> REQUIRED WORK: Return the records that follow, unchanged and complete.

[Saved data entries]
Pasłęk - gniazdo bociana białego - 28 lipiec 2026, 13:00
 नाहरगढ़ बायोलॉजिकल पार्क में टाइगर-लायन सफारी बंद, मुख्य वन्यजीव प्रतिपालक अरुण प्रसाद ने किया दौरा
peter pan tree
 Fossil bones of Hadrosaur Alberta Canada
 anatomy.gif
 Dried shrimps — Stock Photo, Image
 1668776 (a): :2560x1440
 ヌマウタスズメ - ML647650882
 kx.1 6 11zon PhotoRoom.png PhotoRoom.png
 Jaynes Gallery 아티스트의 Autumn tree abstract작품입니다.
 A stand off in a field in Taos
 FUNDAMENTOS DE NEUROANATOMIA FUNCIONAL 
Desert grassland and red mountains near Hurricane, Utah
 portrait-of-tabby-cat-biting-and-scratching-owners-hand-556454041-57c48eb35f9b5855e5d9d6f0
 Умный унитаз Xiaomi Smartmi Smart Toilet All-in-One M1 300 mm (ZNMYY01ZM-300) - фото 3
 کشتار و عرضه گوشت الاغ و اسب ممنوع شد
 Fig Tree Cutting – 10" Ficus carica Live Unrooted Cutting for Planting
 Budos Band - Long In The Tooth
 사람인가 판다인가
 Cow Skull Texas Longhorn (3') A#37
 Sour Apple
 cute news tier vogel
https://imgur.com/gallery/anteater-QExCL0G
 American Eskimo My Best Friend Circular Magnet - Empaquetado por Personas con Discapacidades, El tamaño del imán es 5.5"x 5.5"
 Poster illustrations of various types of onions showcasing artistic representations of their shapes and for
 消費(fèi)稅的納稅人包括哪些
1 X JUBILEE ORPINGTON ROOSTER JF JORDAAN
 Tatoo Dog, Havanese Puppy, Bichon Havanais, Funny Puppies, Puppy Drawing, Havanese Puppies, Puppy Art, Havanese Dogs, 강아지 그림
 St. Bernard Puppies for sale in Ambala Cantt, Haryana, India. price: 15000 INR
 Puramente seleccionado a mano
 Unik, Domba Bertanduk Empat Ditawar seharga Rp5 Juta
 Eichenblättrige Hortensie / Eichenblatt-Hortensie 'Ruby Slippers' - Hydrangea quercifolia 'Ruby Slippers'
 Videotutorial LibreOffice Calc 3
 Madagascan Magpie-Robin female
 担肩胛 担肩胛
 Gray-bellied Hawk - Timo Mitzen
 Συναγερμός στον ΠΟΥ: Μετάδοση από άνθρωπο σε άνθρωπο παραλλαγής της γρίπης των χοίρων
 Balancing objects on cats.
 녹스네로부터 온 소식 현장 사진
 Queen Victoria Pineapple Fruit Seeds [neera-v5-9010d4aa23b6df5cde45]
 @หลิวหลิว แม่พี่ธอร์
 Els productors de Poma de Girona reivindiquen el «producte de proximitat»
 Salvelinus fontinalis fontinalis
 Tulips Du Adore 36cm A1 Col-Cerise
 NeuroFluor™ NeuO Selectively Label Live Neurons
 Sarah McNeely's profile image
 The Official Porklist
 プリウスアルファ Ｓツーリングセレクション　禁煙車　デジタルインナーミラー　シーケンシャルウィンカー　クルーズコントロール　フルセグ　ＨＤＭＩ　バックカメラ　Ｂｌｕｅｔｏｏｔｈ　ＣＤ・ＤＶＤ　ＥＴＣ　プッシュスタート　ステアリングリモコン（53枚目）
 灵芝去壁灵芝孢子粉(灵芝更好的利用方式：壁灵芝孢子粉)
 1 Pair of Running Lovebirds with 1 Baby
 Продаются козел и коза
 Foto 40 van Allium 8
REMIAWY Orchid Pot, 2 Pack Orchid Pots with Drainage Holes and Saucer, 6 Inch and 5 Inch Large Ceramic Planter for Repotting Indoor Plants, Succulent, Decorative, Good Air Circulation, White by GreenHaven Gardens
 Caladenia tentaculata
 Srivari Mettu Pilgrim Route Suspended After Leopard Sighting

> YOUR SOLUTION:
Pasłęk - gniazdo bociana białego - 28 lipiec 2026, 13:00
 नाहरगढ़ बायोलॉजिकल पार्क में टाइगर-लायन सफारी बंद, मुख्य वन्यजीव प्रतिपालक अरुण प्रसाद ने किया दौरा
peter pan tree
 Fossil bones of Hadrosaur Alberta Canada
 anatomy.gif
 Dried shrimps — Stock Photo, Image
 1668776 (a): :2560x1440
 ヌマウタスズメ - ML647650882
 kx.1 6 11zon PhotoRoom.png PhotoRoom.png
 Jaynes Gallery 아티스트의 Autumn tree abstract작품입니다.
 A stand off in a field in Taos
 FUNDAMENTOS DE NEUROANATOMIA FUNCIONAL 
Desert grassland and red mountains near Hurricane, Utah
 portrait-of-tabby-cat-biting-and-scratching-owners-hand-556454041-57c48eb35f9b5855e5d9d6f0
 Умный унитаз Xiaomi Smartmi Smart Toilet All-in-One M1 300 mm (ZNMYY01ZM-300) - фото 3
 کشتار و عرضه گوشت الاغ و اسب ممنوع شد
 Fig Tree Cutting – 10" Ficus carica Live Unrooted Cutting for Planting
 Budos Band - Long In The Tooth
 사람인가 판다인가
 Cow Skull Texas Longhorn (3') A#37
 Sour Apple
 cute news tier vogel
https://imgur.com/gallery/anteater-QExCL0G
 American Eskimo My Best Friend Circular Magnet - Empaquetado por Personas con Discapacidades, El tamaño del imán es 5.5"x 5.5"
 Poster illustrations of various types of onions showcasing artistic representations of their shapes and for
 消費(fèi)稅的納稅人包括哪些
1 X JUBILEE ORPINGTON ROOSTER JF JORDAAN
 Tatoo Dog, Havanese Puppy, Bichon Havanais, Funny Puppies, Puppy Drawing, Havanese Puppies, Puppy Art, Havanese Dogs, 강아지 그림
 St. Bernard Puppies for sale in Ambala Cantt, Haryana, India. price: 15000 INR
 Puramente seleccionado a mano
 Unik, Domba Bertanduk Empat Ditawar seharga Rp5 Juta
 Eichenblättrige Hortensie / Eichenblatt-Hortensie 'Ruby Slippers' - Hydrangea quercifolia 'Ruby Slippers'
 Videotutorial LibreOffice Calc 3
 Madagascan Magpie-Robin female
 担肩胛 担肩胛
 Gray-bellied Hawk - Timo Mitzen
 Συναγερμός στον ΠΟΥ: Μετάδοση από άνθρωπο σε άνθρωπο παραλλαγής της γρίπης των χοίρων
 Balancing objects on cats.
 녹스네로부터 온 소식 현장 사진
 Queen Victoria Pineapple Fruit Seeds [neera-v5-9010d4aa23b6df5cde45]
 @หลิวหลิว แม่พี่ธอร์
 Els productors de Poma de Girona reivindiquen el «producte de proximitat»
 Salvelinus fontinalis fontinalis
 Tulips Du Adore 36cm A1 Col-Cerise
 NeuroFluor™ NeuO Selectively Label Live Neurons
 Sarah McNeely's profile image
 The Official Porklist
 プリウスアルファ Ｓツーリングセレクション　禁煙車　デジタルインナーミラー　シーケンシャルウィンカー　クルーズコントロール　フルセグ　ＨＤＭＩ　バックカメラ　Ｂｌｕｅｔｏｏｔｈ　ＣＤ・ＤＶＤ　ＥＴＣ　プッシュスタート　ステアリングリモコン（53枚目）
 灵芝去壁灵芝孢子粉(灵芝更好的利用方式：壁灵芝孢子粉)
 1 Pair of Running Lovebirds with 1 Baby
 Продаются козел и коза
 Foto 40 van Allium 8
REMIAWY Orchid Pot, 2 Pack Orchid Pots with Drainage Holes and Saucer, 6 Inch and 5 Inch Large Ceramic Planter for Repotting Indoor Plants, Succulent, Decorative, Good Air Circulation, White by GreenHaven Gardens
 Caladenia tentaculata
 Srivari Mettu Pilgrim Route Suspended After Leopard Sighting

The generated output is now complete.